Pre-processing steps for extracting radiomic features from MR images have been established in the literature. However, with the introduction of MR-guided radiotherapy (MRGRT), temporally dense datasets are becoming more available and promise to provide greater detail on biological processes during treatment. It is unclear how well-established pre-processing techniques will map into this new domain. In this work, we compare 7 potential normalisation techniques on longitudinal feature selection in MRGRT and present a novel feature selection methodology for longitudinal data.

Material and Methods

All treatment images of 20 patients with prostate cancer receiving 36 Gy in 5 fractions  were collected. All patients underwent 6-months ADT prior to MRGRT on a 1.5T MR-Linac.

Seven image normalisation techniques were implemented:

• Histogram matching (HM) to 1) inter-patient to a selected template image and 2) intra-patient to fraction 1 image and 3) combination, intra-patient to fraction 1 followed by inter-patient to a template patient.

• Intensity rescaling using median signal in 3 ROIs (Fig 1a).
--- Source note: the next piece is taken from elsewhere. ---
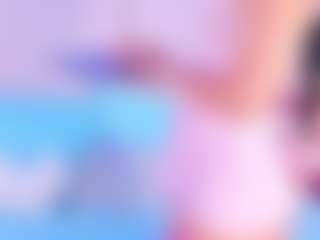 emmawilliams's Live Sex Cam Show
Each image was rescaled so the median signal in the ROI was equal to fraction 1. Two out-of-field ROIs were defined in the psoas and glute muscles. Additionally, a region in the prostate was selected.  
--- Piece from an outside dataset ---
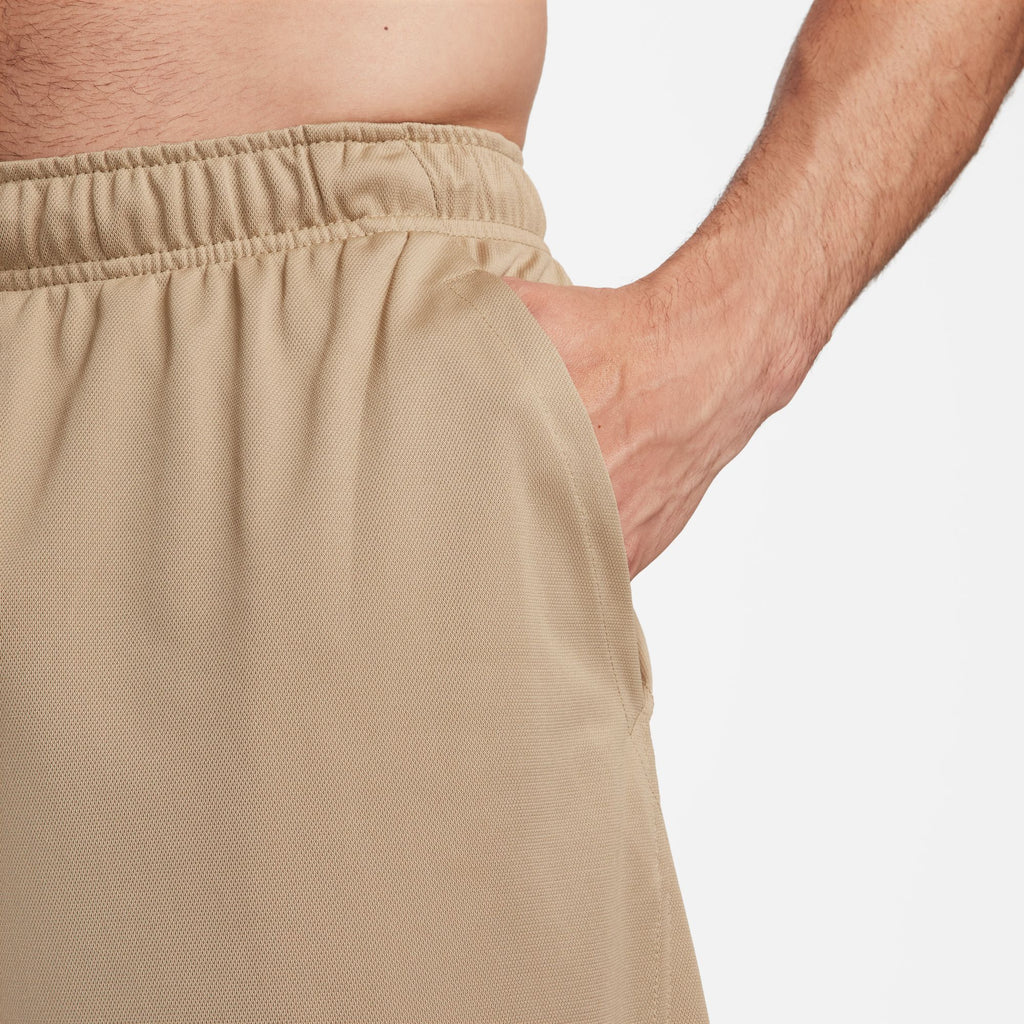 Dri-FIT Totality 7i short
• Finally, raw images were analysed (i.e. no normalisation).

The entire prostate was contoured by an expert clinician and a small volume in the glute and psoas muscles was defined by a PhD student with clinical guidance. In total, 87 features (FTs) were extracted using pyRadiomics. FTs at fraction 1 were correlated with volume and were removed if Spearman correlation > 0.6.
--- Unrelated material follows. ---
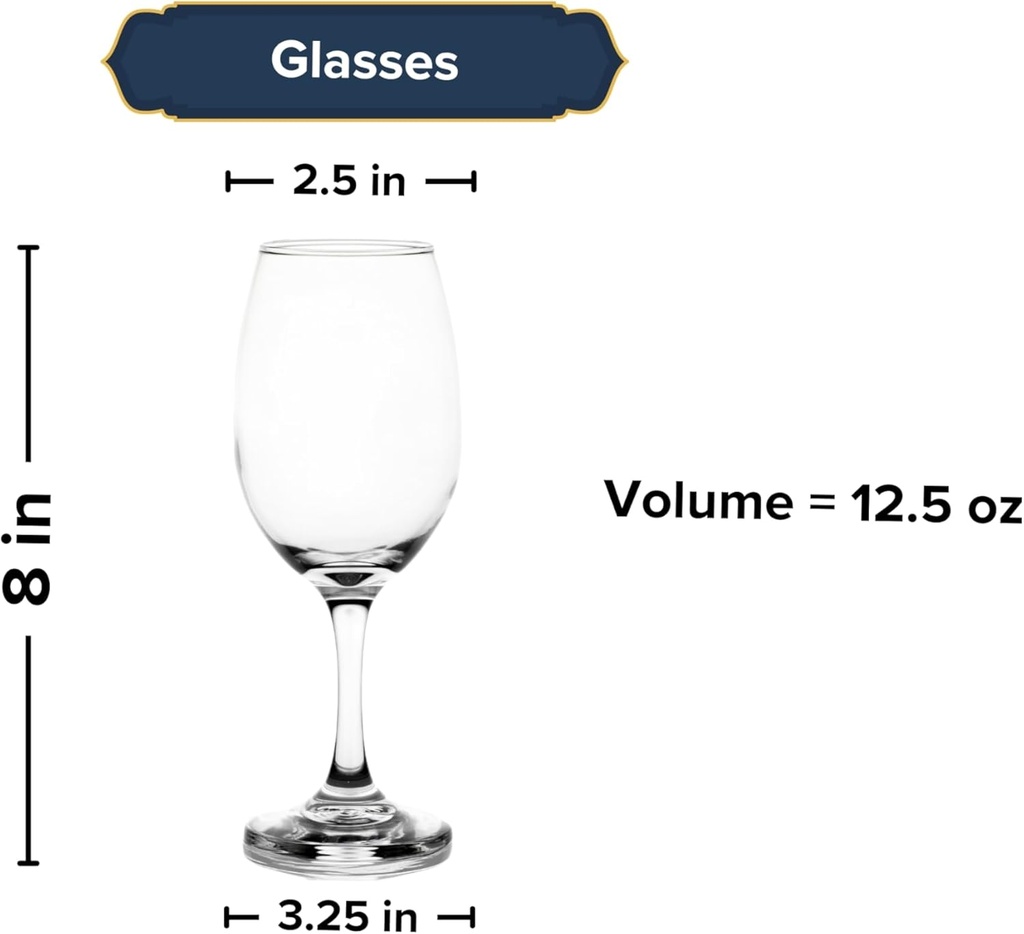 wine-glasses-set-of-4-125-ounce-crystal--2.jpg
Next, redundant FTs (i.e. correlated with another FT) were eliminated using cross-correlation. For each patient, longitudinal-FT pair correlations were calculated and those with correlation > 0.6 were removed. The remaining FTs were ranked for each normalisation across all patients and the 5 most common FTs for each normalisation were then selected.


Results

Fig 1b shows the impact of normalisation on the signal trajectory of each ROI. Normalisation has little effect on the number of volume-dependence FTs (Table 1), or the median number of remaining FTs per patient.  However, the choice of normalisation impacts which FTs are selected (Table 1).



Conclusion

We have shown that established normalisation methods can suppress or enhance subtle changes in radiomic FTs across treatment: this suggests that methods developed on single timepoints may not be suitable for longitudinal data. Despite large changes in trajectories, normalisation has little impact on the number of FTs remaining after application of a FT selection pipeline tailored to longitudinal data. We preliminary recommend using the Psoas muscle for normalisation as it produced the most consistent FT selection across patients.  Further work is needed to investigate the impact this has on predictive capabilities of radiomic models.